▶ Task requirements
Output every record word for word, minus the pictures.

Short descriptive text snippets
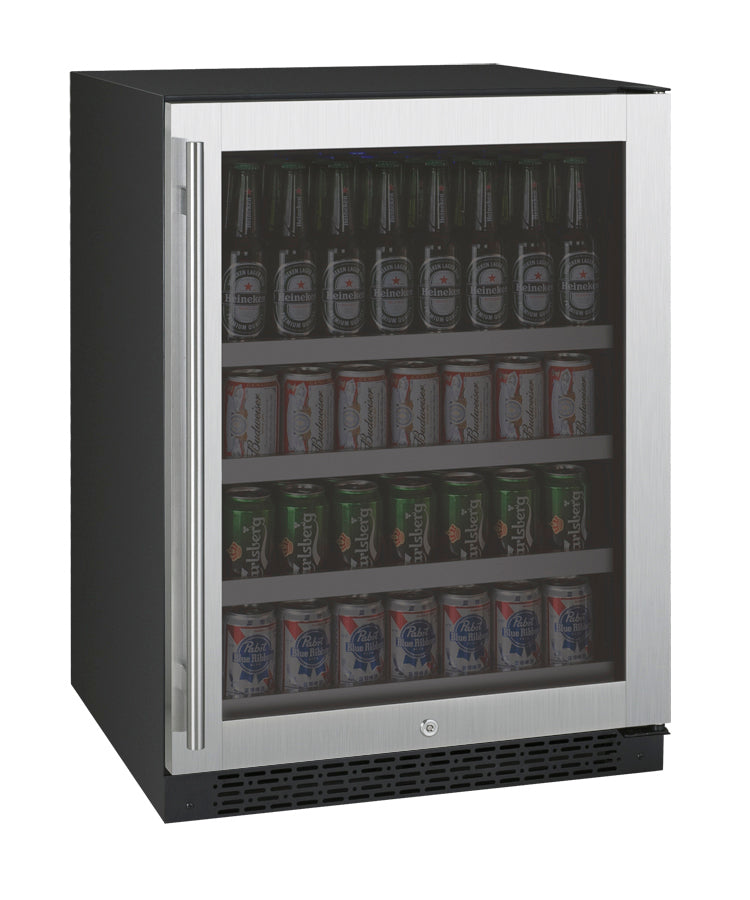 Allavino 24" Wide FlexCount II Tru-Vino Stainless Steel Right Hinge Beverage Center - VSBC24-SR20 - Wine Cooler City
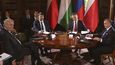 Setkání prezidentů Visegrádské čtyřky v Polsku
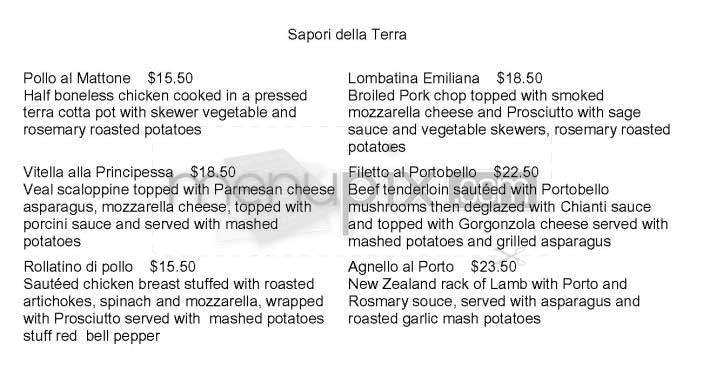 Sapori Ristorante - Marina Del Rey, CA menu_pic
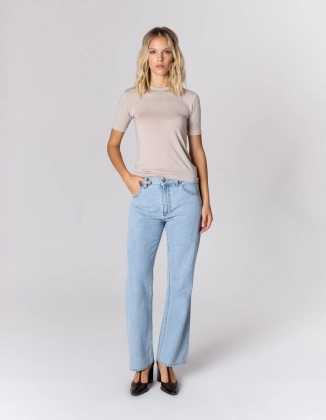 T-SHIRT LIA BEIGE WISKOZA/KASZMIR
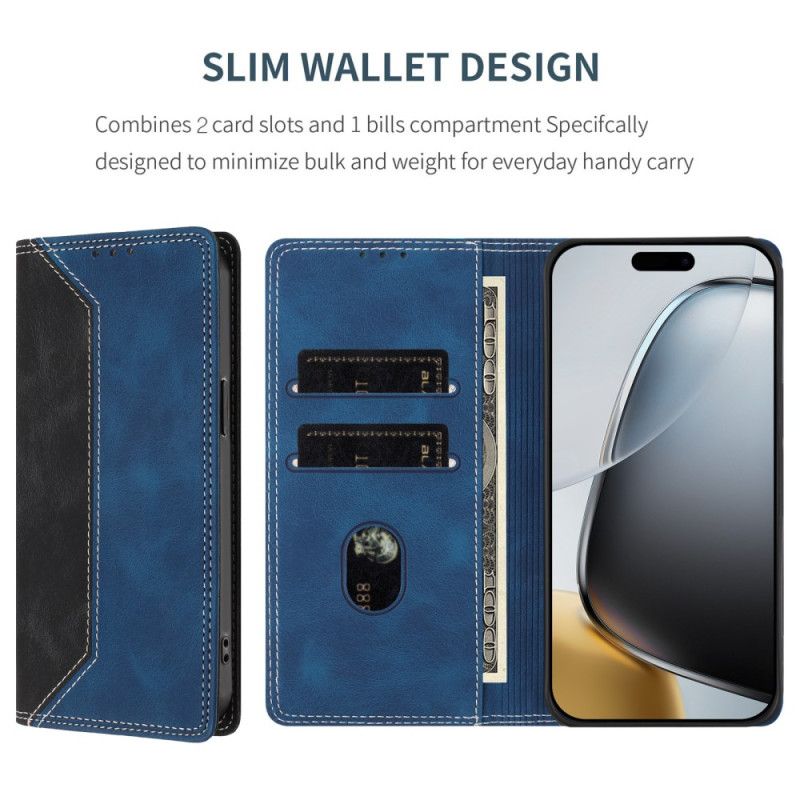 Folio Deksel Lær Google Pixel 10a Mobildeksel Tofarget Rfid-blokkering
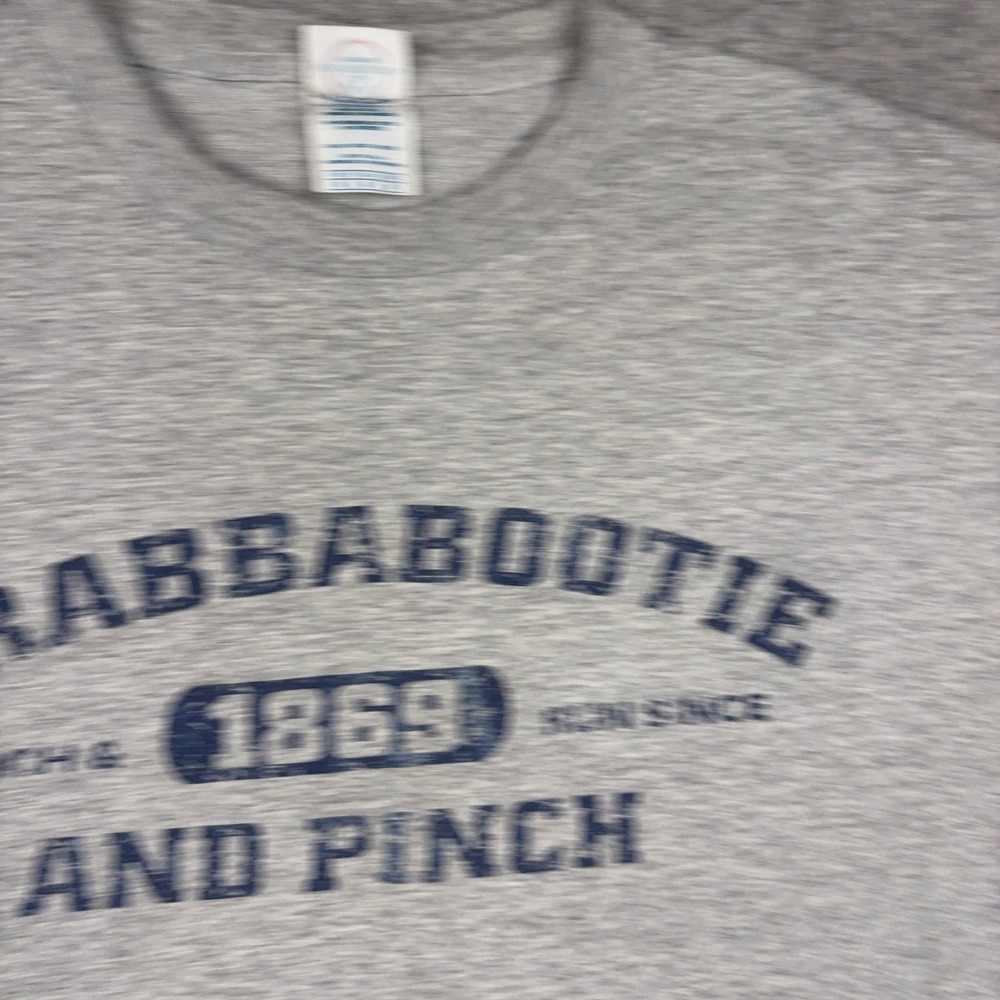 Grabbabootie Graphic T-Shirt Mens Medium Grey Funny Humor Vintage Y2K 90s Surf - Picture 6 of 16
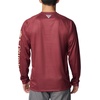 image:imageColumbia Mens Collegiate Terminal Tackle Heather Long Sleeve ShirtFsu  Cabernet Heather
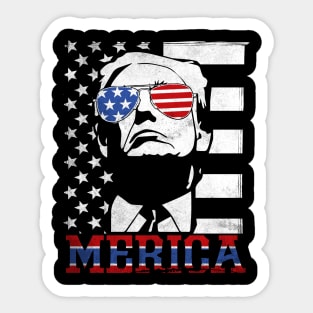 Merica Donald Trump Sticker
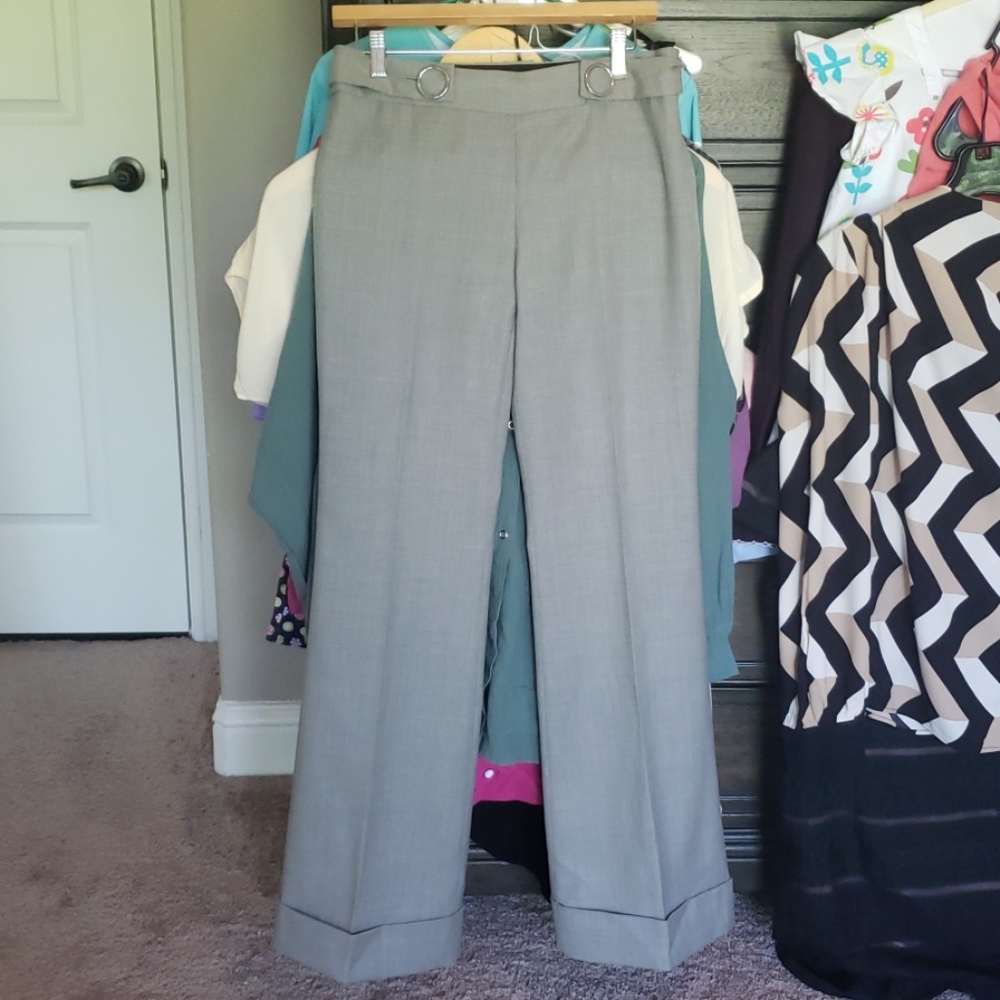 Tory Burch Grey Tailored Pant Trouser 4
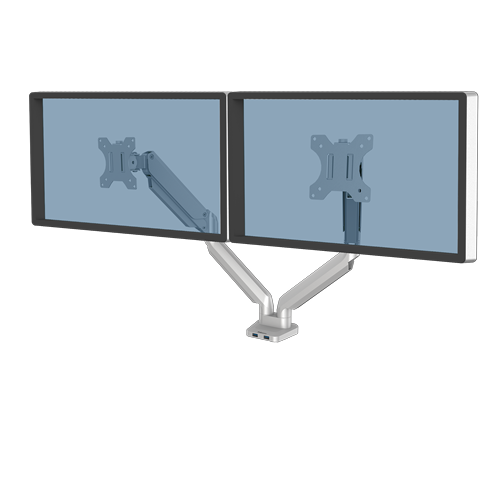 Platinum Series Dual Monitor Arm - Silver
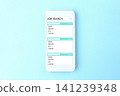 Image illustrating the process of using a job search website on a smartphone to find a job. 141239348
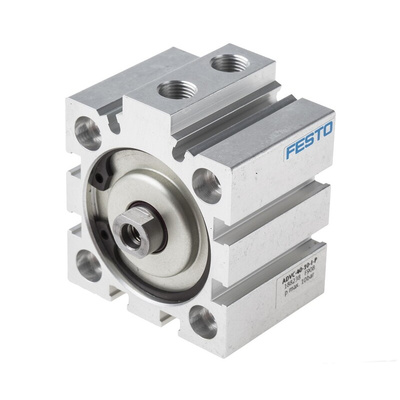 Festo Pneumatic Cylinder - 188238, 40mm Bore, 10mm Stroke, ADVC Series, Double Acting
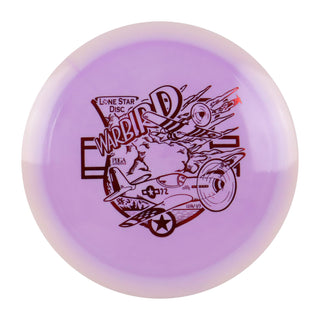 Lone Star Disc Golf Alpha Warbird Distance Driver 12/6/-1/3 Purple White/Red 175 grams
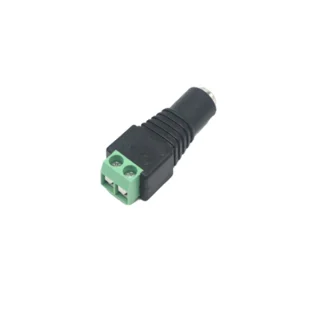 DC Power Jack Female Connector with 2 pin Screw Terminal - 2.1 x 5.5mm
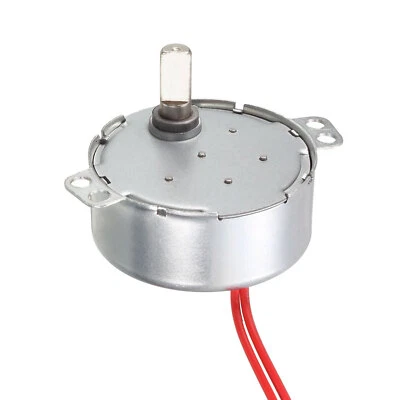 Electric Motor AC 12V 10-12RPM D Shaft CCW/CW Turntable Motor for DIY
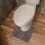 Tapis de bain vert en forme de U 10 x 20 pouces 4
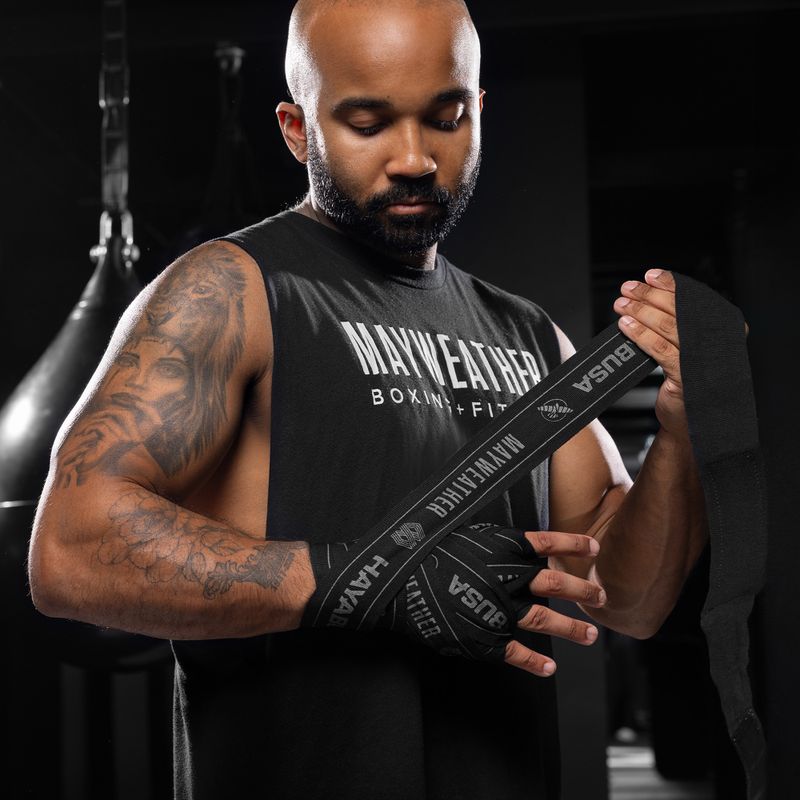 Fasce da boxe Hayabusa Mayweather Stretch Hand Wraps 450 g black 6
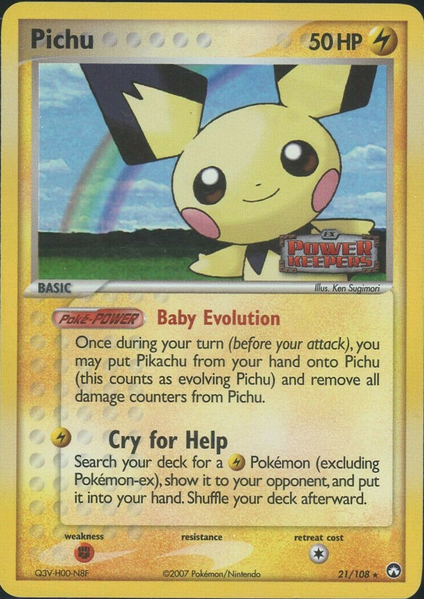 Archivo:Pichu (Power Keepers TCG).png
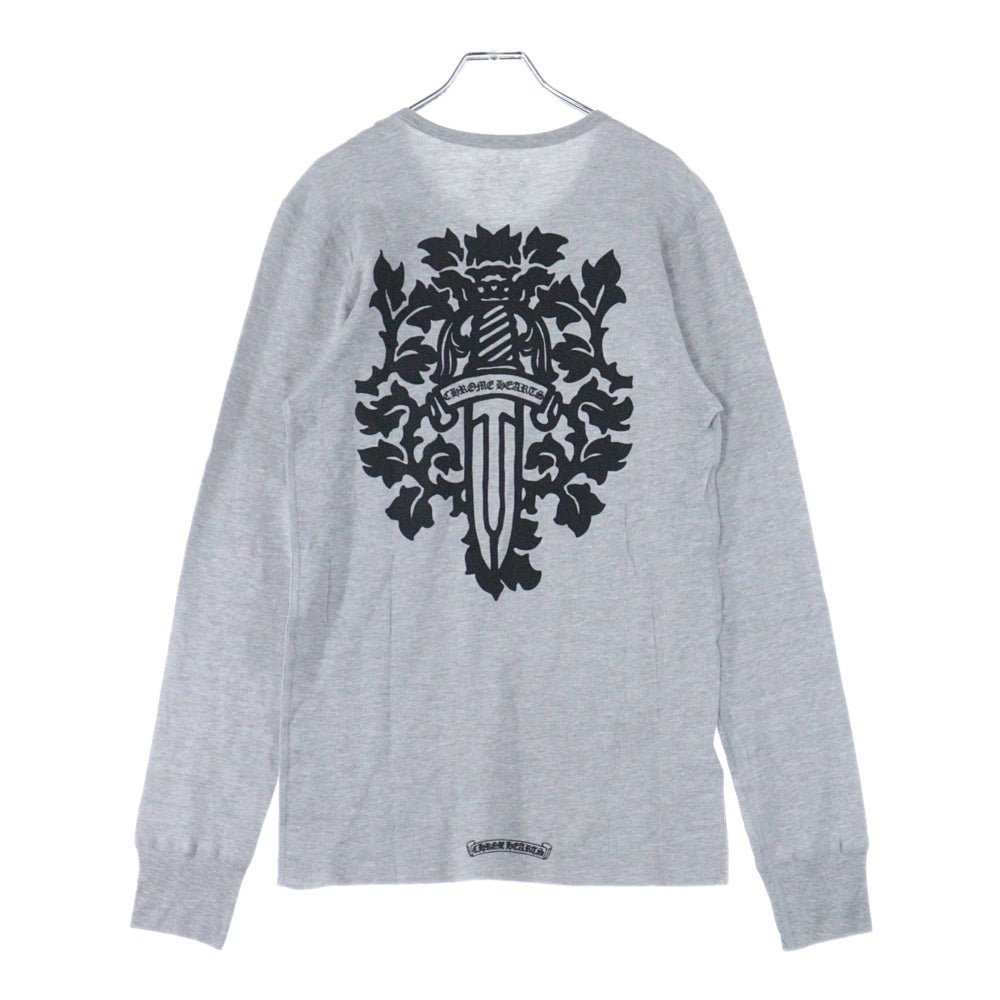 CHROME HEARTS(クロムハーツ) Thermal L S ヴァインダガープリントサーマル長袖カットソー グレー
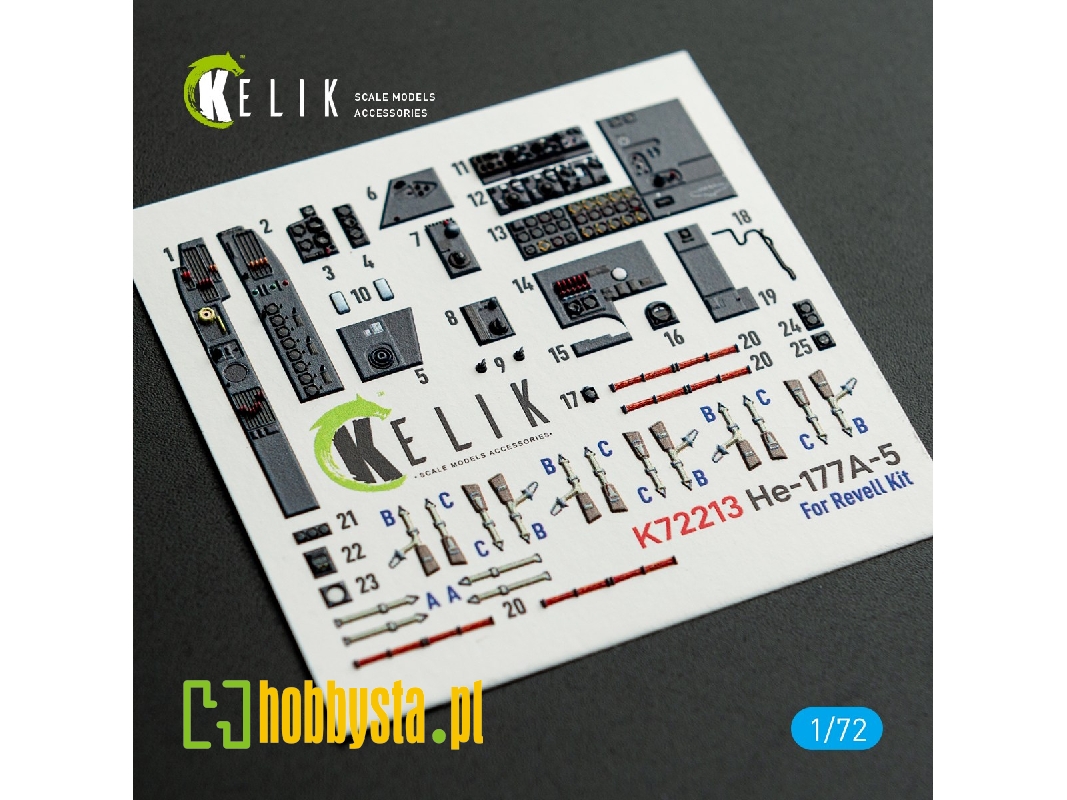 Heinkel He-177 A-5 - Interior 3d Decals (For Revell Kits) - image 1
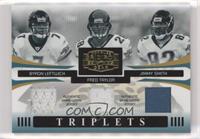 Byron Leftwich, Fred Taylor, Jimmy Smith #/100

▶ Answer to the problem
 Allavino 24" Wide FlexCount II Tru-Vino Stainless Steel Right Hinge Beverage Center - VSBC24-SR20 - Wine Cooler City
 Setkání prezidentů Visegrádské čtyřky v Polsku
 Sapori Ristorante - Marina Del Rey, CA menu_pic
 T-SHIRT LIA BEIGE WISKOZA/KASZMIR
 Folio Deksel Lær Google Pixel 10a Mobildeksel Tofarget Rfid-blokkering
 Grabbabootie Graphic T-Shirt Mens Medium Grey Funny Humor Vintage Y2K 90s Surf - Picture 6 of 16
 image:imageColumbia Mens Collegiate Terminal Tackle Heather Long Sleeve ShirtFsu  Cabernet Heather
 Merica Donald Trump Sticker
 Tory Burch Grey Tailored Pant Trouser 4
 Platinum Series Dual Monitor Arm - Silver
 Image illustrating the process of using a job search website on a smartphone to find a job. 141239348
 Festo Pneumatic Cylinder - 188238, 40mm Bore, 10mm Stroke, ADVC Series, Double Acting
 Lone Star Disc Golf Alpha Warbird Distance Driver 12/6/-1/3 Purple White/Red 175 grams
 DC Power Jack Female Connector with 2 pin Screw Terminal - 2.1 x 5.5mm
 Electric Motor AC 12V 10-12RPM D Shaft CCW/CW Turntable Motor for DIY
 Tapis de bain vert en forme de U 10 x 20 pouces 4
 Fasce da boxe Hayabusa Mayweather Stretch Hand Wraps 450 g black 6
 Archivo:Pichu (Power Keepers TCG).png
 CHROME HEARTS(クロムハーツ) Thermal L S ヴァインダガープリントサーマル長袖カットソー グレー
 Heinkel He-177 A-5 - Interior 3d Decals (For Revell Kits) - image 1
 Byron Leftwich, Fred Taylor, Jimmy Smith #/100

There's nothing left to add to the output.